Le chantier Fora Marine, constructeur des voiliers RM, les fameux croiseurs hauturiers rapides, des unités au style inimitable, construits en CP epoxy et reconnaissables à leurs coques peintes, serait en quasi cessation de paiements et devrait demander son placement en redressement judiciaire dans les jours qui viennent. 

Les rumeurs n'ont d'ailleurs cessé d'enfler lors du Nautic de Paris 2019, d'autant plus que la holding de tête du chantier, la société Aime Mer, avait été placée en plan de sauvegarde le 11 septembre dernier par le tribunal de commerce de Bordeaux

Une offre de voiliers unique sur le marché

Les RM sont des voiliers de luxe signés Marc Lombard, dont l'originalité réside dans leur mode de construction en bois : du contreplaqué epoxy. Un mode de construction qui a un avantage industriel - pouvoir se passer des moules de coque propres aux bateaux en polyester dont le coût est particulièrement élevé - mais dont l'inconvénient réside dans des coûts de production élevés, et une industrialisation difficile.

Des freins industriels qui n'ont cependant pas empêché la société de connaître une forte croissance de ses ventes jusqu'en 2017, du fait d'une offre produit attractive et originale - les RM sont de bons voiliers - et du fait d'un plan de lancement de nouveautés unique pour un chantier de niche, de près d'une unité par an, un exploit rendu possible par l'absence de fabrication de moules de coque !! 

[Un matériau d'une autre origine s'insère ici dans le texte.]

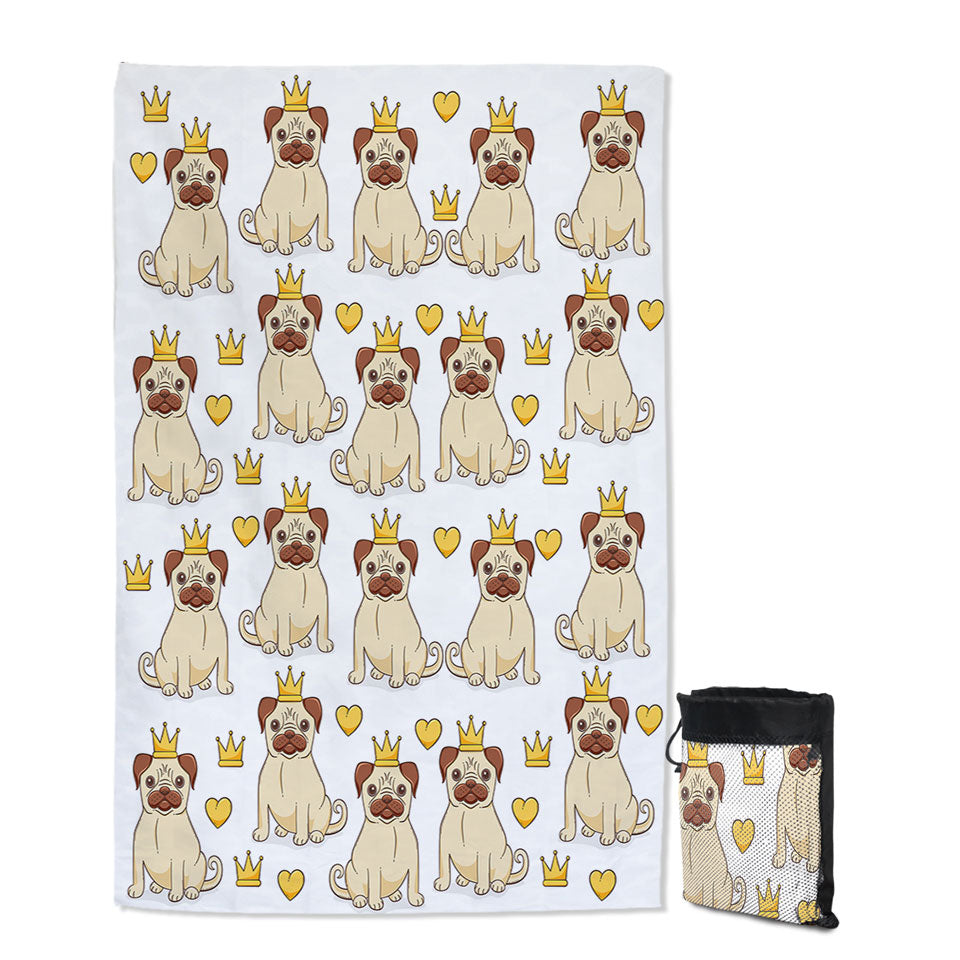 Cute Pug Quick Dry Beach Towel with Dog King and Heart Pattern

Fin 2016, le chantier déménage dans une nouvelle usine pour faire face à une forte croissance de son carnet de commandes et son dirigeant d'alors, Martin Lepoutre, cède son entreprise trois mois après, à trois investisseurs conduits par Pierre Gattaz, l'ancien président du Medef, Olivier Gainon, et de Stéphane Sénacq.

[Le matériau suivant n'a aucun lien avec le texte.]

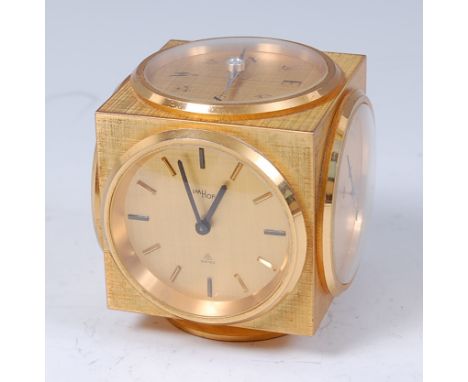 A 1970s Imhof gilt brass five dial weather station, of cube form having clock dial, thermometer etc, on rotating base, stampe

Un rachat partiellement réalisé en LBO

Racheté pour partie en cash, au travers de la société Aime Mer, et pour partie via un LBO financé par un pool bancaire, Fora Marine entame une nouvelle ère de son existence.

Nommé à la présidence du chantier, Stéphane Sénacq, est confronté à un modèle économique difficile, entre la croissance nécessaire de la production, du fait d'un gros carnet de commandes, et un BFR financé par les acomptes clients, qui ne facilite pas ladite montée en charge. 

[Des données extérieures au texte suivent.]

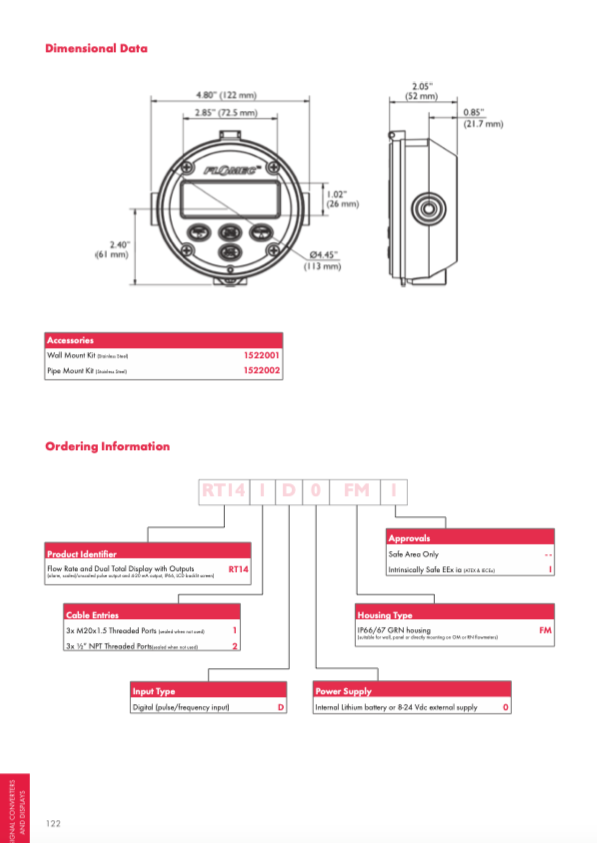 RT14 Flow Rate & Totalising Transmitter Display-FRT141D0FM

Pour pallier à des problèmes de qualité - et raccourcir ses temps de production - le chantier opte pour une innovation technologique : réaliser les bordés en composite - à l'instar des pont des RM - et les greffer sur la structure en bois. Le nouveau RM 1180, qui affiche des lignes sublimes, inaugurera cette technologie.

Les problèmes s'enchaînent : la liquidation du chantier Ofcet, en charge des moules des bordés fait prendre du retard au programme 1180, et Stéphane Sénacq décide de quitter ses fonctions, en vendant une partie de ses parts à ses associés, tandis qu'Olivier Gainon reprend la barre.

Le retard de lancement du RM 1180 complique la situation financière du chantier, en décalant ses rentrées financières. Une spirale infernale qui débouche sur une situation inextricable.

Décryptage - le passage difficile que connaît le chantier Fora Marine ne fait que refléter la spécificité du modèle économique de la filière, avec des gros besoins en BFR et des rentrées de cash cycliques. Une spécificité qui ne peut être anticipée avec sérénité que par la mise en place de processus de production totalement maîtrisés. Une démarche qui a fait le succès du géant Bénéteau, chez qui "l'industrie" est stratégique

S'il traverse une période difficile, le Chantier Fora Marine et ses RM semble avoir beaucoup d'atouts pour intéresser des industriels de la filière. Pourquoi pas des groupes comme Wauquiez Experton, Grand Large Yachting, voire le rochelais Fountaine-Pajot, le spécialiste des catamarans, qui a fait une entrée remarquée dans le monde des voiliers monocoques, avec la reprise de Dufour Yachts. Des industriels qui ont toutes les compétences industrielles pour optimiser les processus de production du chantier et faire baisser ses coûts.